Streaming Speech-to-Text API Recognition Requests

A streaming Speech-to-Text API recognition call is designed for real-time capture and recognition of audio, within a bi-directional stream. Your application can send audio on the request stream, and receive interim and final recognition results on the response stream in real time. Interim results represent the current recognition result for a section of audio, while the final recognition result represents the last, best guess for that section of audio.

Streaming requests

Unlike synchronous, in which you send both the configuration and audio within a single request, calling the streaming Speech API requires sending multiple requests. The first StreamingRecognizeRequest must contain a configuration of type StreamingRecognitionConfig without any accompanying audio. Subsequent StreamingRecognizeRequests sent over the same stream will then consist of consecutive frames of raw audio bytes.

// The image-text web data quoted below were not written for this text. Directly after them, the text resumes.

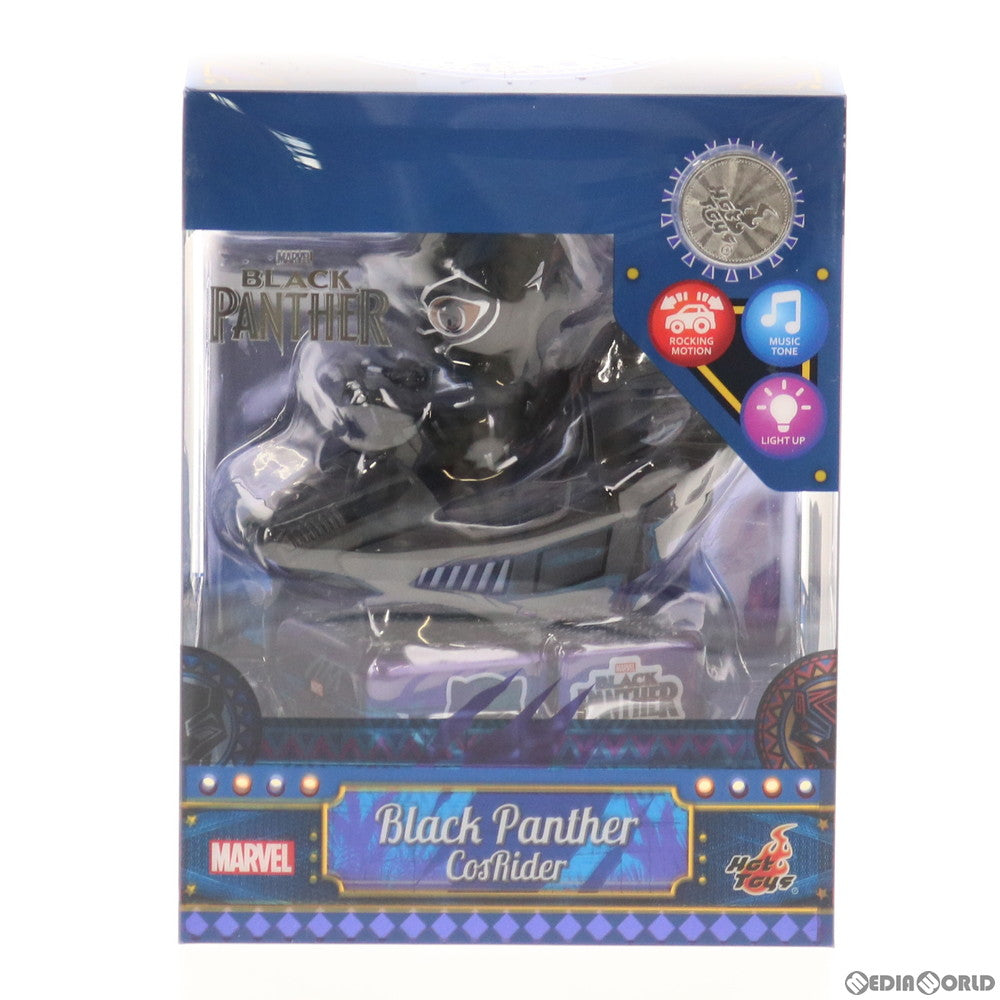 【中古即納】[FIG] コスライダー ブラックパンサー 完成品 可動フィギュア(CSR009) ホットトイズ(20201130)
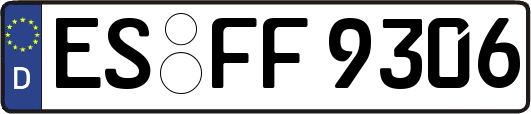ES-FF9306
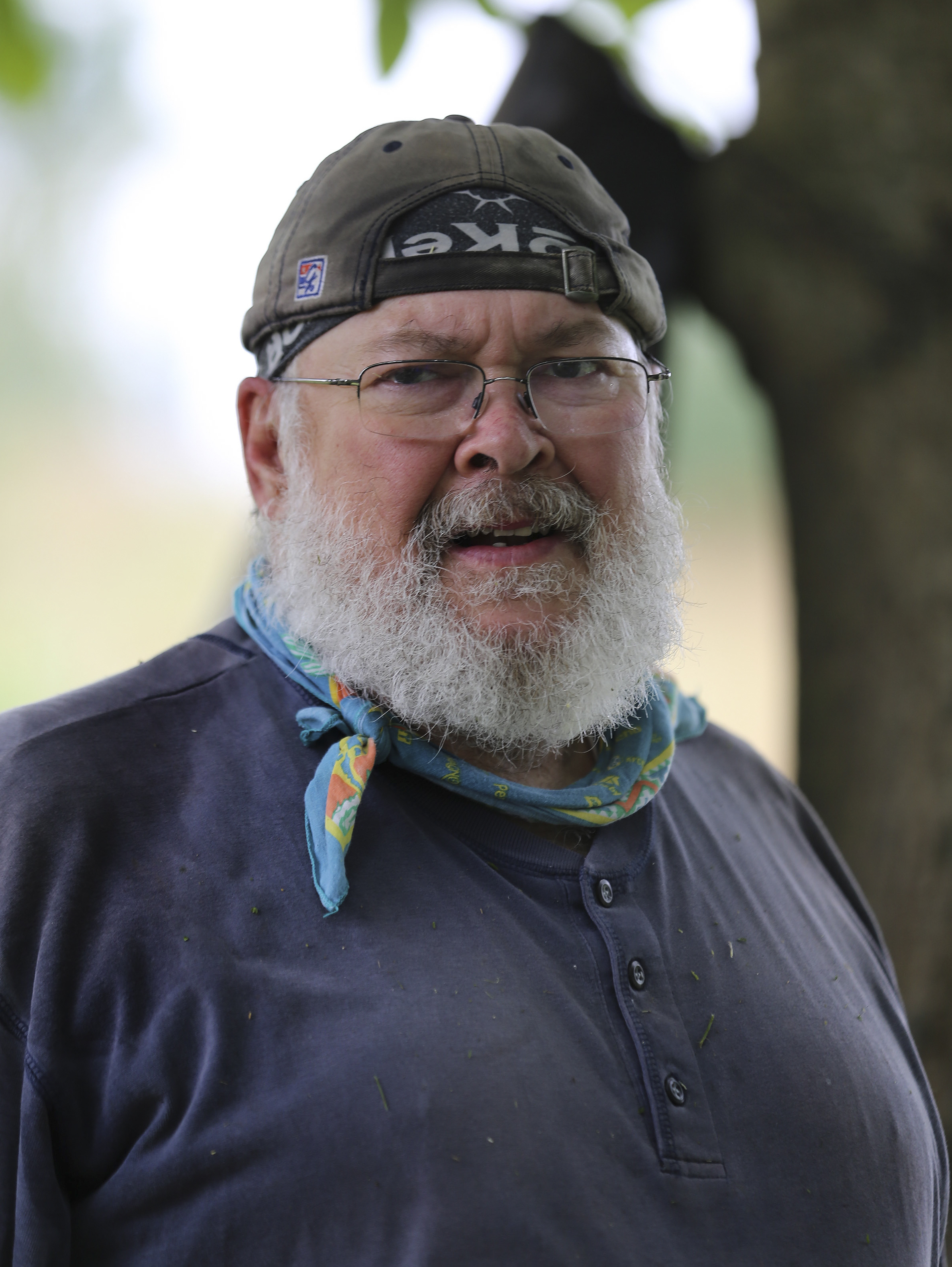 Baptist pastor finds calling in post-Holocaust cemeteries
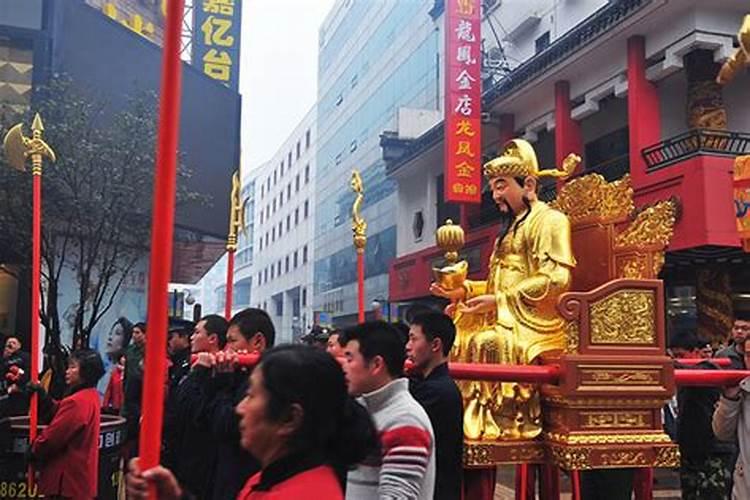 财神节是几月几号 财神节是农历哪一天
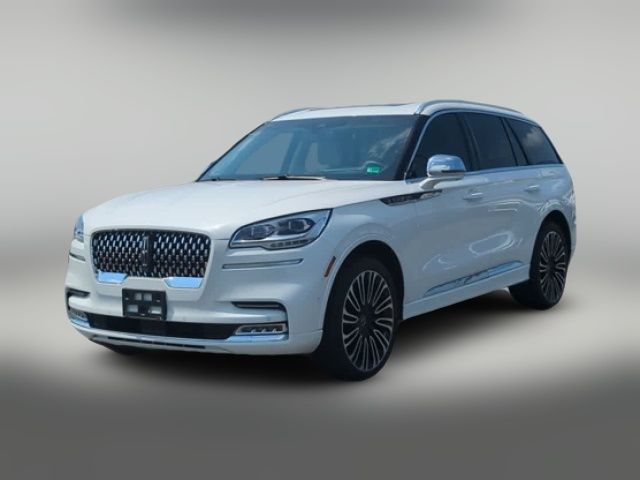 2022 Lincoln Aviator Black Label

A StreamingRecognitionConfig consists of the following fields:

  • config: An optional configuration, of type RecognitionConfig and is the same as that shown within synchronous requests.
  • config: An optional list of fields that override the values in the default RecognitionConfig in the Recognizer. If no mask is provided, all non-default valued fields in config override the values in the Recognizer for this recognition request. If a mask is provided, only the fields listed in the mask override the config in the Recognizer for this recognition request. If a wildcard (*) is provided, config completely overrides and replaces the config in the recognizer for this recognition request.
  • features: Optional. Speech recognition features to enable specific to streaming audio recognition requests. See StreamingRecognitionFeatures for more information.

Streaming responses

Streaming speech recognition results are returned within a series of responses of type StreamingRecognizeResponse. Such a response consists of the following fields:

  • speechEventType: Contains events of type SpeechEventType. The value of these events will indicate when a single utterance has been determined to have been completed. The speech events serve as markers within your stream's response.
  • results: Contains the list of results, which may be either interim or final results, of type StreamingRecognitionResult. The results list contains following the sub-fields:
    • alternatives: Contains a list of alternative transcriptions.
    • isFinal: Indicates whether the results obtained within this list entry are interim or are final. Google might return multiple isFinal=true results throughout a single stream, but the isFinal=true result is only guaranteed after the write stream is closed (half-close).
    • stability: Indicates the volatility of results obtained so far, with 0.0 indicating complete instability while 1.0 indicates complete stability. Note that unlike confidence, which estimates whether a transcription is correct, stability estimates whether the given partial result may change. If isFinal is set to true, stability will not be set.
    • result_end_offset: The offset of the end of this result relative to the beginning of the audio.
    • channel_tag: The channel number corresponding to the recognized result for the audio from that channel. This is only set for multi-channel audio.
    • language_code: The BCP-47 language tag of the language in this result..
  • speech_event_offset: The offset between the beginning of the audio and event emission.
  • metadata: Contains RecognitionResponseMetadata related to the number of billed audio seconds.